There are many types of DDoS protection. The essential traditional architecture for DDoS defense works as follows.
Flow data, complementary BGP and SNMP data, all based on incoming traffic flow are sent to a detection appliance inside the network infrastructure. The detection appliance identifies attacks and tells the network to direct traffic to a scrubbing or mitigation solution typically made up of deep packet inspection appliances, which may be on-premises, in the cloud, or within a hybrid cloud combination.
The hybrid cloud approach allows for overflow traffic in the event of a DDoS attack or legitimate traffic spike which is too heavy for the on-premises device to handle to be sent on-demand to a cloud scrubbing center. This approach optimizes response time, price and enables a flexible approach to scale when necessary.
Protection appliances in the cloud can offer vast amounts of capacity to protect against volumetric attacks, such as the recent memcached DDoS attacks we’ve seen. The appliances block high packets-per-second attacks that overuse the CPU resources of networking and security equipment; and maintain the user experience for legitimate users, keeping businesses online.
Other approaches to DDoS mitigation include Remote Triggered Black Holes (or RTBH) to drop traffic going to certain IP addresses. This is mainly useful for retail ISPs who have a large number of individual subscribers who come under DDoS attack in the realm of online gaming. In these instances, a user’s traffic may be shut off for a temporary period in order to protect other subscribers from collateral damage. However, RTBH doesn’t tend to be used for protecting application servers or enterprise networks since RTBH genuinely leads to downtime i.e. the intention of the attacker. Therefore, the scrubbing type of mitigation is much more widely used.
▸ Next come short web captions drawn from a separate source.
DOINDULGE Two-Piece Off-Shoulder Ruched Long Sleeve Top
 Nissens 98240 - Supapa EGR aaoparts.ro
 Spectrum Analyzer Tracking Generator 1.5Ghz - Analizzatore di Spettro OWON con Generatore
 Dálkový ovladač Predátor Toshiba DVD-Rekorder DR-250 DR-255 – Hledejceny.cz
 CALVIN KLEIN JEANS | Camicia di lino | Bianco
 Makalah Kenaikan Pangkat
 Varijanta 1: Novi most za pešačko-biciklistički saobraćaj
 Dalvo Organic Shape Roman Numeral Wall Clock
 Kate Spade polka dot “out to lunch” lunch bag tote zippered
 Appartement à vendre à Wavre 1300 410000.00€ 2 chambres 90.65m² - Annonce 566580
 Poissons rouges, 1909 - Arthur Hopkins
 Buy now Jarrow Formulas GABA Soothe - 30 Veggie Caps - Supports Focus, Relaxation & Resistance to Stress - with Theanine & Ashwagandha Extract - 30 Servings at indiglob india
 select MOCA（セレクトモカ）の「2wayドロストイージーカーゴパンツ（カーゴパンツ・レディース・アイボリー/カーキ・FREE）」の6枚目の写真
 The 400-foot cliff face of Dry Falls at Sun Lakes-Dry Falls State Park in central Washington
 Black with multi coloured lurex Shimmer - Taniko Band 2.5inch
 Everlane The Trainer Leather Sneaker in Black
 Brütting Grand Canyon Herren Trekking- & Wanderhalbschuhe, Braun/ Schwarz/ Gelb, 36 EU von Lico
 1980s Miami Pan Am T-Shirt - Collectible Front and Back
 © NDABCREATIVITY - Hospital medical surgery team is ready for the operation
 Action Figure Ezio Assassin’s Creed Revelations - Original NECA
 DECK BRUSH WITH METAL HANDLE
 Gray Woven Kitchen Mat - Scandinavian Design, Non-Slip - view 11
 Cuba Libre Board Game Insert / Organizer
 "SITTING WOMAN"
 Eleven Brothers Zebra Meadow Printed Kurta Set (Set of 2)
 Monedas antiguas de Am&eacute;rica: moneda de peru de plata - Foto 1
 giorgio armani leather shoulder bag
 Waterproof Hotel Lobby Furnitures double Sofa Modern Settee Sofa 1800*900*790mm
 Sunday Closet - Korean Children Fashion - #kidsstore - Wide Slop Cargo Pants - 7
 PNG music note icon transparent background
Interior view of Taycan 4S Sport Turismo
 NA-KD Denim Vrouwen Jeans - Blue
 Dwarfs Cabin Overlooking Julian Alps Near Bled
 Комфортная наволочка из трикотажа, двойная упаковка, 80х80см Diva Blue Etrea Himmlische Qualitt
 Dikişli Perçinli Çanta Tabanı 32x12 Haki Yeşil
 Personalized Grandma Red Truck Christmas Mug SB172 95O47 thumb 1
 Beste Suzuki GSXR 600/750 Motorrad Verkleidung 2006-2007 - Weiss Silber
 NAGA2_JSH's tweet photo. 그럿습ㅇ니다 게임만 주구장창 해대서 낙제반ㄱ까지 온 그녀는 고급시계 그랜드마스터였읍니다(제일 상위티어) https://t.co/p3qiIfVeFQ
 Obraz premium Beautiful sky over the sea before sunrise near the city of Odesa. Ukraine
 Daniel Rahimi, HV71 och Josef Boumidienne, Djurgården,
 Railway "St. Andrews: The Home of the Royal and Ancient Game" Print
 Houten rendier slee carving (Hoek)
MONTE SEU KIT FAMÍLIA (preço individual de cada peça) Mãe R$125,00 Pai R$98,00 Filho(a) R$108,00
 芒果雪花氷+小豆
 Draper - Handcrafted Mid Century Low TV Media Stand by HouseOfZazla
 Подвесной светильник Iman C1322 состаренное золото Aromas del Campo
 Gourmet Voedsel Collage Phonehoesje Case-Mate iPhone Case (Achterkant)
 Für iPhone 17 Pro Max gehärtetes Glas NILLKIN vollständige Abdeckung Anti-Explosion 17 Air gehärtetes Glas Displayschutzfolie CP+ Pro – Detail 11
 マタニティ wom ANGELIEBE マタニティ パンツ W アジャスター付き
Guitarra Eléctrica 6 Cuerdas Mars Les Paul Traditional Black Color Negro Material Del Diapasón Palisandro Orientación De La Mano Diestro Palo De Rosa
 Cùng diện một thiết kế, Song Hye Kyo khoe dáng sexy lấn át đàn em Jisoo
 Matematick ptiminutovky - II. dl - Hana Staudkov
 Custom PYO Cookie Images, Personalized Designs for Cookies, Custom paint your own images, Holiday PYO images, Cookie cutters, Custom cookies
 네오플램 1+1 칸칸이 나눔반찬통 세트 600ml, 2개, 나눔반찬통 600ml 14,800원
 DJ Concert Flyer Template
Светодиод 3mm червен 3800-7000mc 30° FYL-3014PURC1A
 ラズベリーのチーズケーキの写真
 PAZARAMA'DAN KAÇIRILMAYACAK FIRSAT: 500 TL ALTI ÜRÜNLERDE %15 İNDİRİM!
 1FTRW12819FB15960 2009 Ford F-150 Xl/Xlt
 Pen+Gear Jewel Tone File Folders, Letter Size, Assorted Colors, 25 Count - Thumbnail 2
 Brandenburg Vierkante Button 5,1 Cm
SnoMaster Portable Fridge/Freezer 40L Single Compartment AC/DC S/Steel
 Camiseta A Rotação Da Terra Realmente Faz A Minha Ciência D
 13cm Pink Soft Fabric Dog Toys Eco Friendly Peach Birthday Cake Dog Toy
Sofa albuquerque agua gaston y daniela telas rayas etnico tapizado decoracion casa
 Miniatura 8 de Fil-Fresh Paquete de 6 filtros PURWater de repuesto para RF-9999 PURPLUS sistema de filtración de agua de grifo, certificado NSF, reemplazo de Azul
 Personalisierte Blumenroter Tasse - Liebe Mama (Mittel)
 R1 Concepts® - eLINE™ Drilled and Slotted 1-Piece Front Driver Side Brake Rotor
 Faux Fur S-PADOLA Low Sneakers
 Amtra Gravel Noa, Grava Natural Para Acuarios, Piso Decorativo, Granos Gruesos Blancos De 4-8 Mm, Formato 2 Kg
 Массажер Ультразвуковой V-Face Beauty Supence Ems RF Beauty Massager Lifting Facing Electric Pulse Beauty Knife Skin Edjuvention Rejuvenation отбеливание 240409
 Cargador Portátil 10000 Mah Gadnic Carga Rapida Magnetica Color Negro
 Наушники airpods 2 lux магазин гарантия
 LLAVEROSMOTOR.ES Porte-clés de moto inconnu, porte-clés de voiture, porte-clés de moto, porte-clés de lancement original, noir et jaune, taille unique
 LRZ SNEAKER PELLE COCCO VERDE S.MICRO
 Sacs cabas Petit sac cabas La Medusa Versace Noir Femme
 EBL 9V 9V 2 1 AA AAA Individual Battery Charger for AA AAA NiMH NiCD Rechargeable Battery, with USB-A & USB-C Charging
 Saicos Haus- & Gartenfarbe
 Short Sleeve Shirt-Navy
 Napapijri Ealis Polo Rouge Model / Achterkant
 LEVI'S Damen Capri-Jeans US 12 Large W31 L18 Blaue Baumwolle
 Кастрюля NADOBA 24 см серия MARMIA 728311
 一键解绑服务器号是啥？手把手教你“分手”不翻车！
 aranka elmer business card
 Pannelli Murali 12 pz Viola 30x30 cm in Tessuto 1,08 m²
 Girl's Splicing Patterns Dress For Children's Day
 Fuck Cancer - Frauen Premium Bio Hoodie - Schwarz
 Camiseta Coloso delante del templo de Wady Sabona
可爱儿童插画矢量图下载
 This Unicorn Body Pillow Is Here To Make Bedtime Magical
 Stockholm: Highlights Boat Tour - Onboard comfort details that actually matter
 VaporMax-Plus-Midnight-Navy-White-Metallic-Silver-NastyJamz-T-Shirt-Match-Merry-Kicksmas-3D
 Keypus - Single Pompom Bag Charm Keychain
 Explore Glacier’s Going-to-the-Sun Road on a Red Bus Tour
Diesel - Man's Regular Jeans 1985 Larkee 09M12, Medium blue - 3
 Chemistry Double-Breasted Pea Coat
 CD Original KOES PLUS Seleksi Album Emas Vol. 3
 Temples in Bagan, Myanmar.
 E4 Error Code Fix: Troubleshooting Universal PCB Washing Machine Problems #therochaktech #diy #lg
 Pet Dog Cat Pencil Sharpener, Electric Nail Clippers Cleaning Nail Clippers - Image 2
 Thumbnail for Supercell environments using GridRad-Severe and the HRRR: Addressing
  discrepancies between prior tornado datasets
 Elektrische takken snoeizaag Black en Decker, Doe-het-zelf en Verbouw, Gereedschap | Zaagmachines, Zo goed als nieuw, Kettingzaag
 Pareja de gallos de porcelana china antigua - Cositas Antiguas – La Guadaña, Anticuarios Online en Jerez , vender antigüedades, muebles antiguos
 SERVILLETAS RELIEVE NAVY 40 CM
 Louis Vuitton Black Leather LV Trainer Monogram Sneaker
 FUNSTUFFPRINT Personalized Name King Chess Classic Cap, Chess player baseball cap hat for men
It is also possible to run all traffic through mitigation or scrubbing devices, either on-premises or in the cloud. However, many organizations cannot afford the cost of this kind of 24/7 service.
Hybrid cloud mitigation is utilized most frequently because it provides a balance of cost and protective effectiveness.
There are many different levels of sophistication when it comes to protection or detection appliances, and each mitigation service offers different options and levels of comprehensive protection.
Some DDoS detection appliances have come under attack recently for being outdated and inaccurate (many are based on fifteen year old computing architectures); and unable to perform reliable baselining. Baselining is the ability to respond to increasing volumes of traffic based on adaptive thresholds and a defined set of rules. Detection appliances tend to be able to only perform baselining against individual flow exporters, such as individual routers or switches. By relying on simple thresholds, attacks can be missed and manual configuration is required by operations personnel, which involves greater cost to the client.